Exercise prompt
Reproduce word for word every line from the one containing "Orange dunes and" through the end of the listing below; omit the pictures.

┌─ Raw data

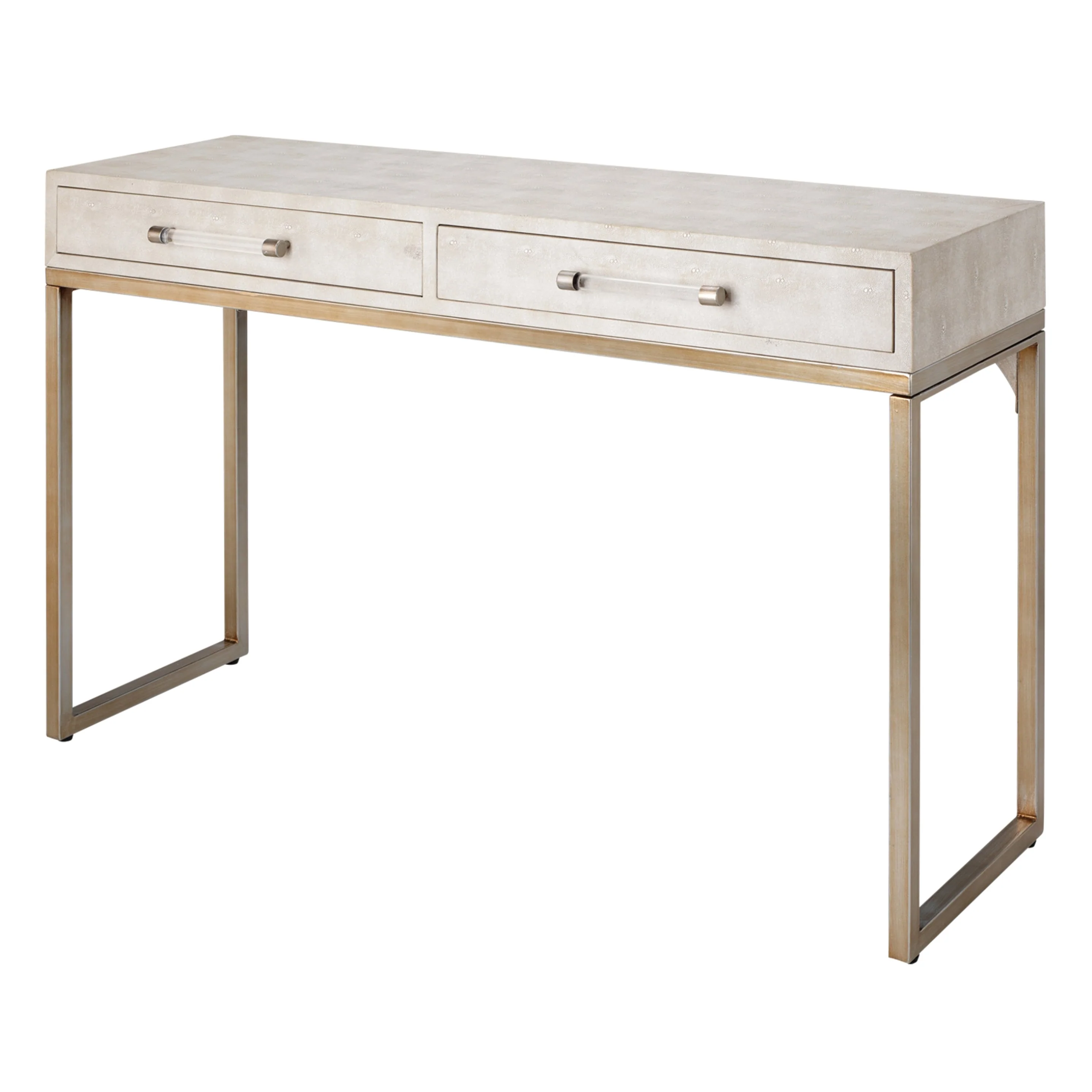 Alden Décor Brayden Faux Shagreen Console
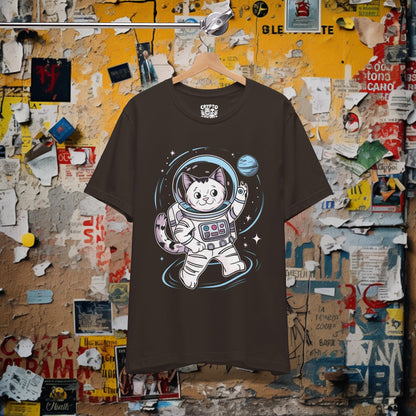 T-Shirt - Astronaut Cat in Space | Bella + Canvas Unisex T-shirt from Crypto Zoo Tees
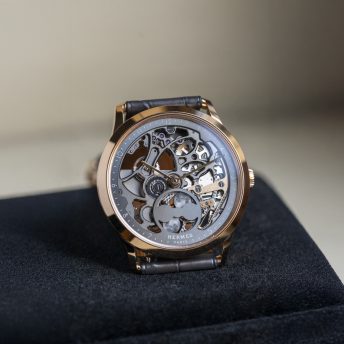 Orange dunes and cloudy sky in Sahara desert. Sunrise in the desert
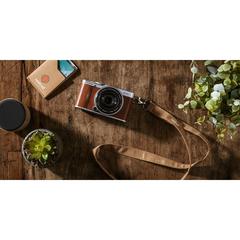 Vue Lanyard Cork 2 cm tour de cou de couleur beige| Krokrodeal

└─

Answer to this task
 Orange dunes and cloudy sky in Sahara desert. Sunrise in the desert
 Vue Lanyard Cork 2 cm tour de cou de couleur beige| Krokrodeal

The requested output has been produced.